Kate Behrenshausen is an English teacher at Cocalico High School and the author of MainlyVeggie.com, a pescetarian recipe blog. She enjoys cooking for friends, family, and her husband Bryan.

Why Lancaster?
Lancaster continually impresses me with its ability to both fuse and juxtapose the old with the new. It is a city of contrasts. Its narrow streets host a wealth of architectural styles, from Colonial to Art Deco, yet these buildings house residents, businesspeople, city officials, and students working towards modernity and change. Many are attracted to the city by its quaint, austere Amish roots, but those visitors can easily discover dozens of quirky boutiques, unique restaurants, hip hangouts, and inspirational galleries.
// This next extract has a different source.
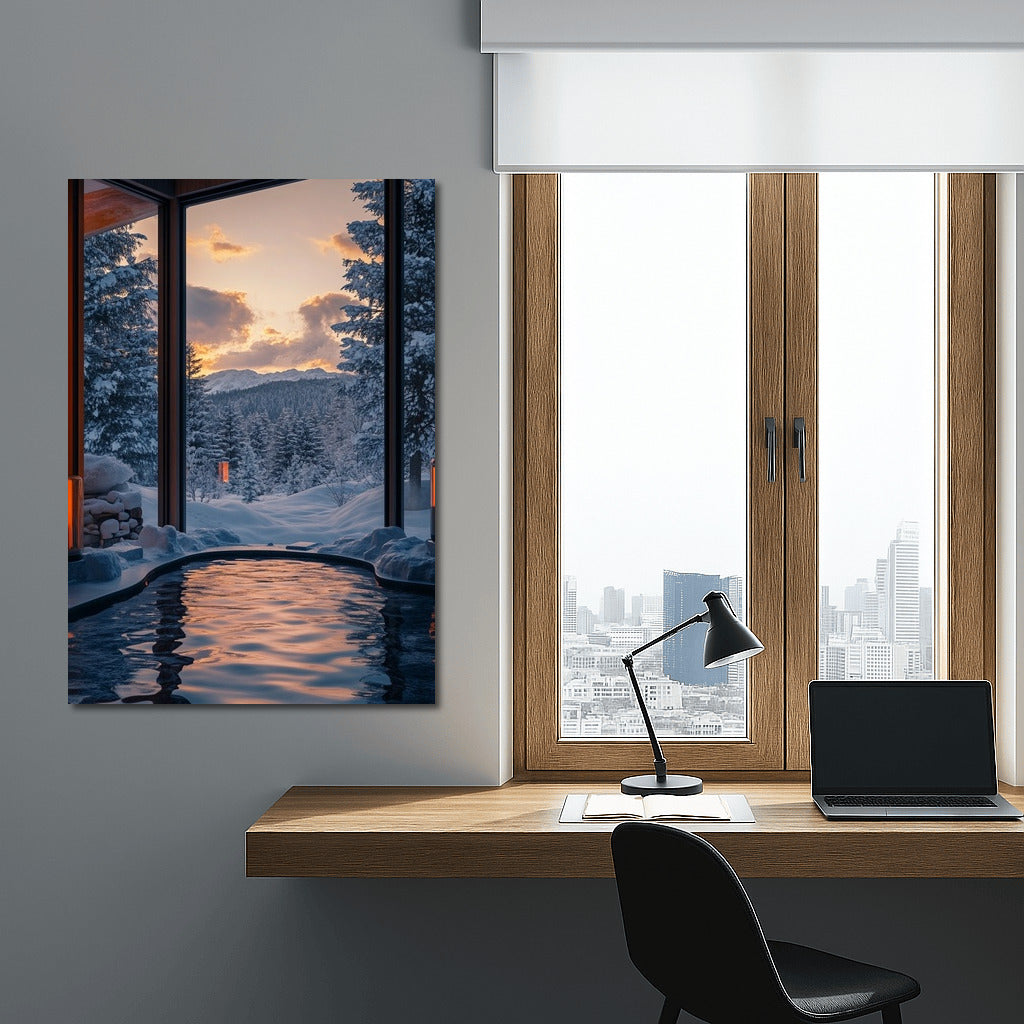 Warmth of winter twilight: view from the pool to the mountains and forest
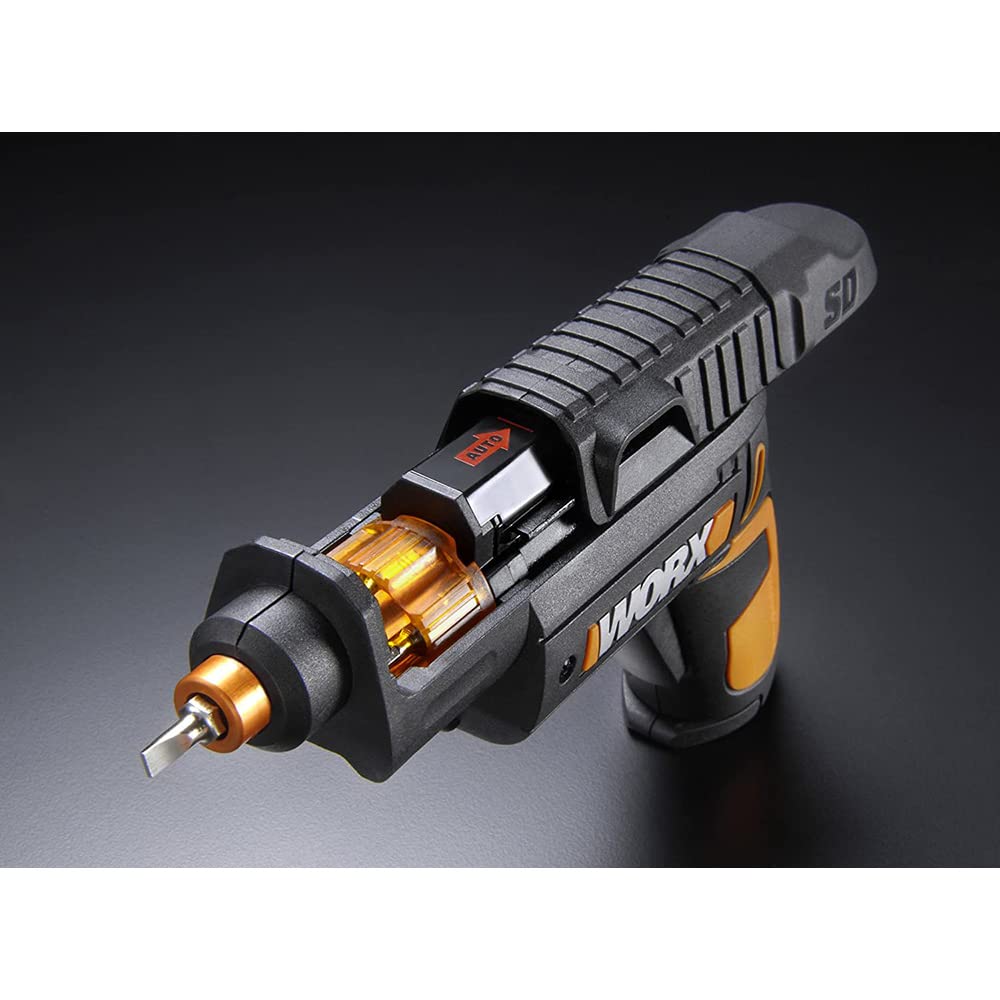 WORX WX255 | 4V Screwdriver | Automatic Bit Change | Screw Adapter | Includes Bit Kit | LED Light | Lightweight and Compact | Screwing Efficiency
The city’s historical elements emphasize how far Lancaster has come over the years; simultaneously, they absorb the new into structures and beliefs that have existed here for centuries.
As a graduate of Millersville University, I discovered and explored quite a bit in the city and its surrounding areas during my college years. I tasted everything from sushi to Nietzsche for the first time here. When I first moved away from home, I found comfort in the idea that I could still turn to my existing interests – books, cooking, shopping, theater – but uncover new facets of them in this setting. This very practice of confounding my expectations and building on past experiences is what drew me back to the city even after I’d graduated.
So why Lancaster? I choose Lancaster because, like me, it’s an ever-evolving blend of meaningful traditions, forward-thinking inspirations, well-intentioned risks, and hope for a happy future.